If True, when gag, pol and env are shown as subplots on the same figure they should all have the same axis limits. If they do some can be very small but they are more comparable.

ORFs¶

Parameters for ORF identification

min_orf_len¶

integer
Default: 100

Minimum length of ORFs to characterise.

translation_table¶

integer
Default 1

Translation table to use when identifying ORFs - listed here https://www.ncbi.nlm.nih.gov/Taxonomy/Utils/wprintgc.cgi. Usually table 1 is fine - default plus alternative initiation codons

trees¶

Phylogenetic tree parameters

use_gene_colour¶

string True or False
Default: True

Use the colours specified in the plots section for each gene to highlight newly identified ERVs. If this is True, highlightcolour will be ignored and the gene colours will be used instead.If it is False, highlightcolour is used to highlight newly identified ERVs.

maincolour¶

string (hex colour code with #)
Default: #000000

Main colour for text in tree images. Default is black.

highlightcolour¶

string (hex colour code with #)
Default : #382bfe

Text colour for leaves highlighted in tree images - newly identified ERV-like regions. This is ignored if use_gene_colour above is True.

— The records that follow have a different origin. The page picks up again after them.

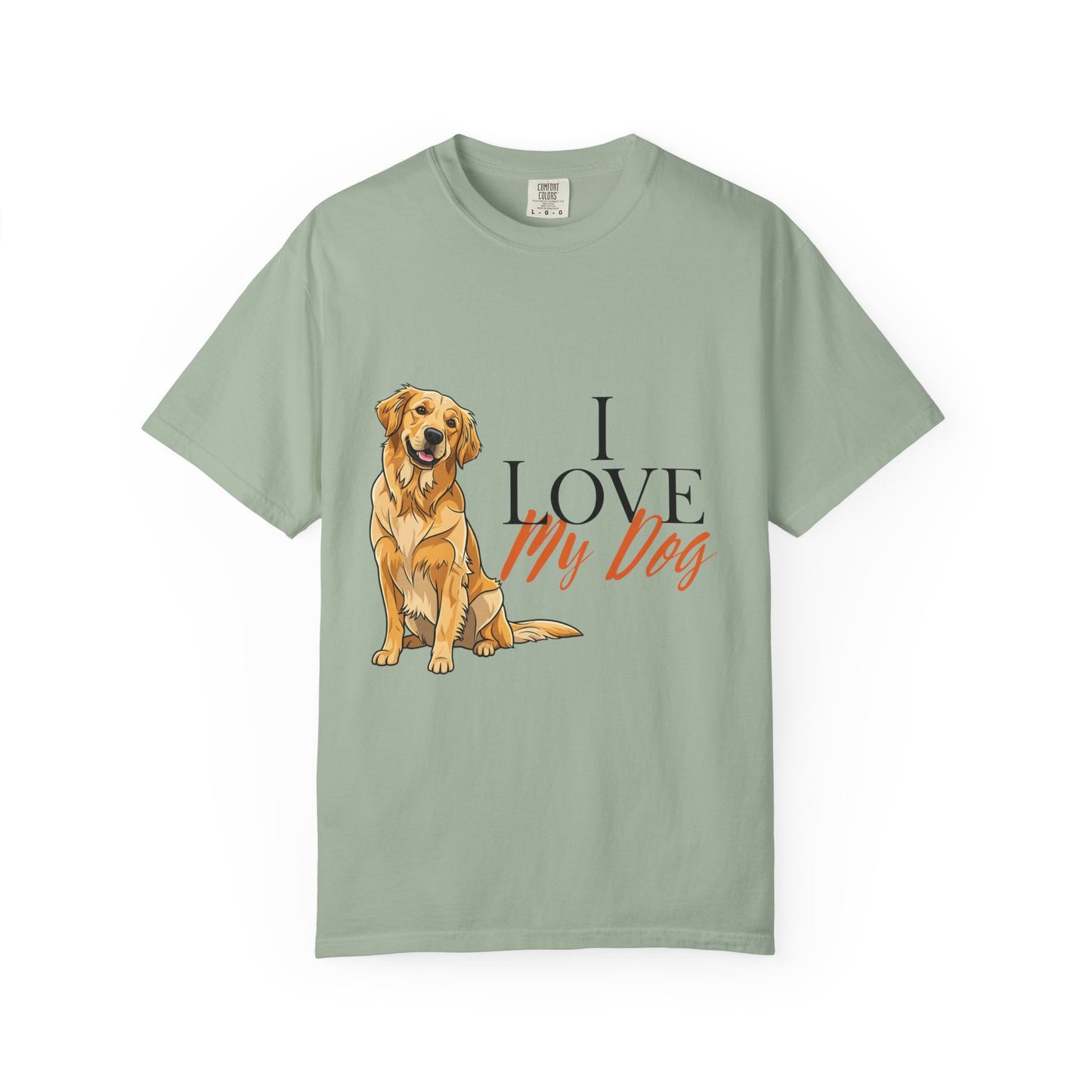 I Love My Dog T-Shirt | Golden Retriever Lover Gift | Vintage Aesthetic Dog Mom Tee | Hand-Illustrated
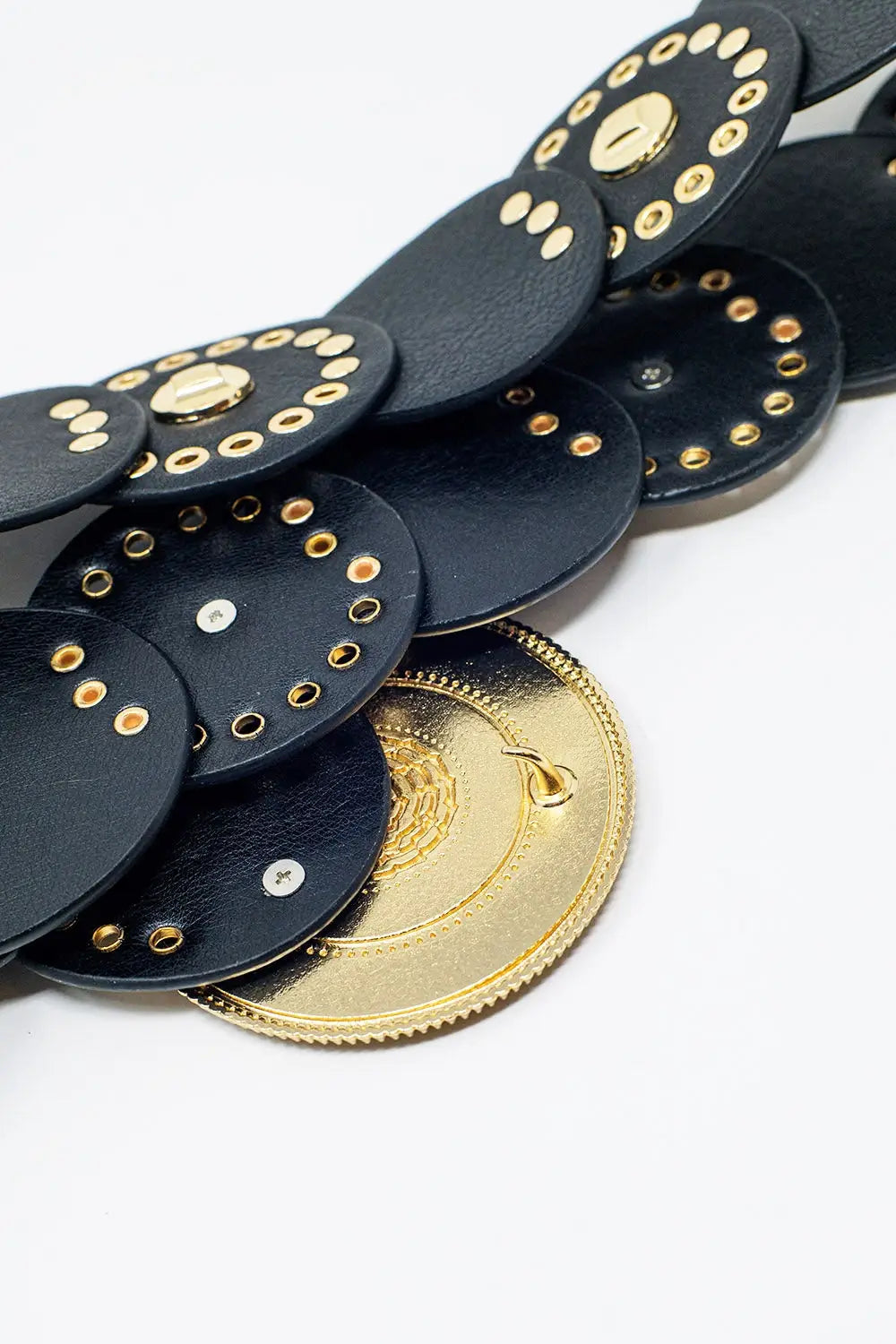 Black leather belt with black rhinestone round buckle and golden details - Accesory
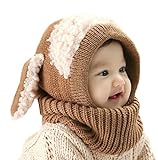 ECHERY Baby Boys Girls Winter Warm Hood Scarves Thick Skull Caps Woolen Earflap Hat Khaki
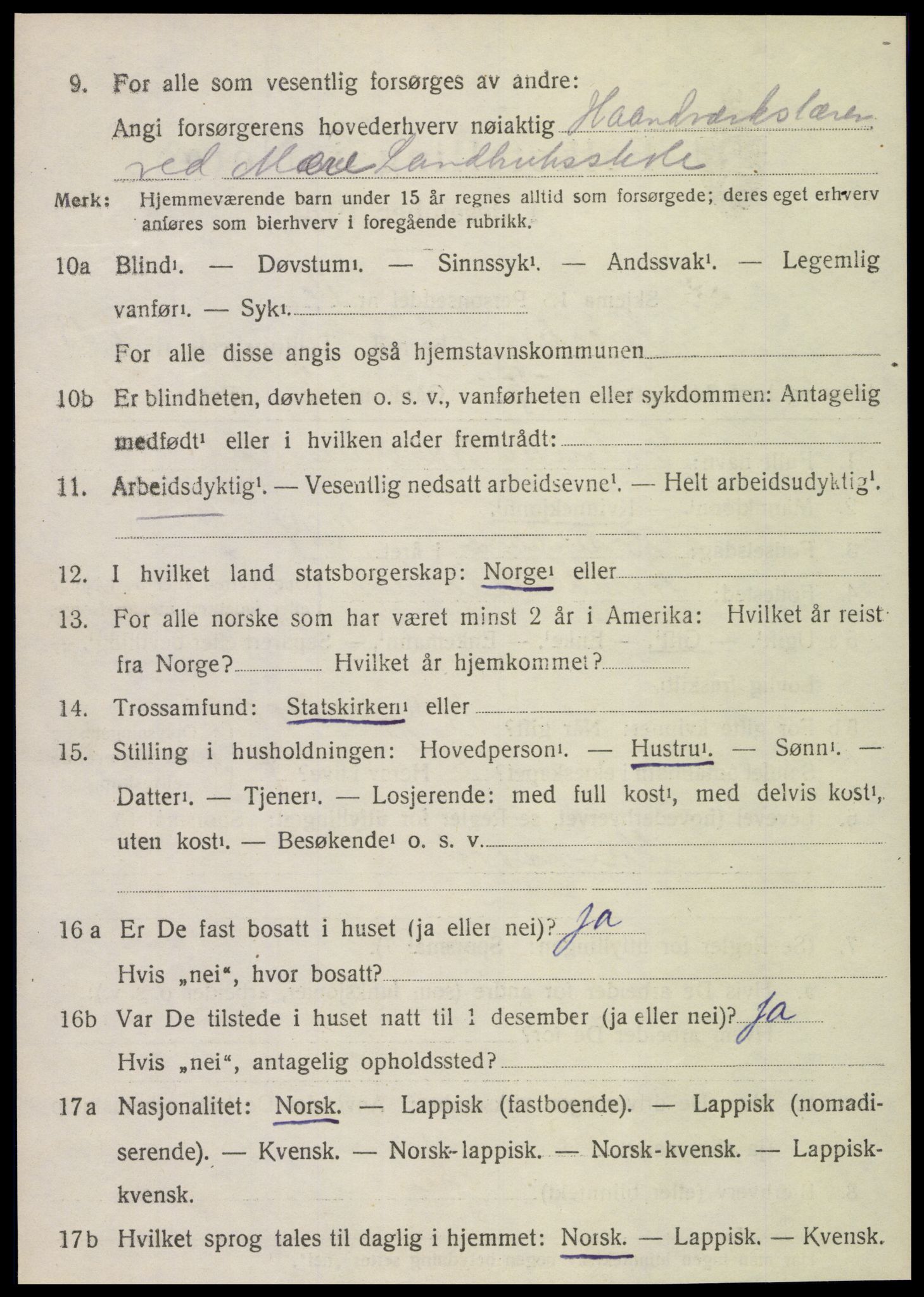 SAT, 1920 census for Sparbu, 1920, p. 2100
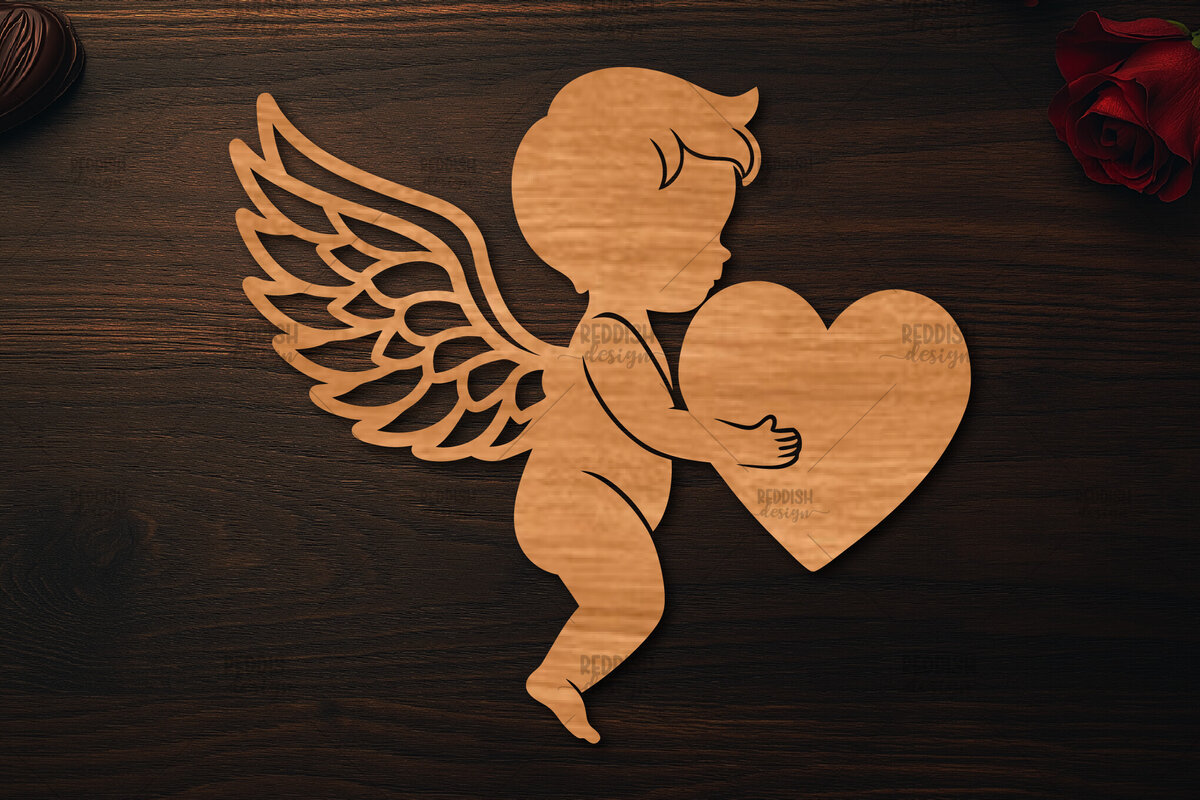 Σετ των 2 Intra απο ξύλο plywood 3mm-4mm πάχος - Cupid Laser Cut , Valentine  Δίασταση 20x20 cm INTRAFABR-113764868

Default is blue.

outgroupcolour¶

string (hex colour code with #)
Default: #0e954b

Text colour for outgroup in tree images. Default is green.

dpi¶

integer
Default: 300 Dots per inch for phylogenetic tree images.

format¶

string png, svg, pdf or jpg
Default: png

File format for phylogenetic tree images, can be svg, png, pdf or jpg

regions¶

Parameters for defining regions with ORFs from more than one retroviral gene

maxdist¶

integer
Default: 3000

Maximum distance (in nucleotides) between ORFs to be defined as part of the same ERV region.

maxoverlap¶

float
Default: 0.5

Maximum proportion of an ORF which can overlap with an ORF from another gene before they are filtered out.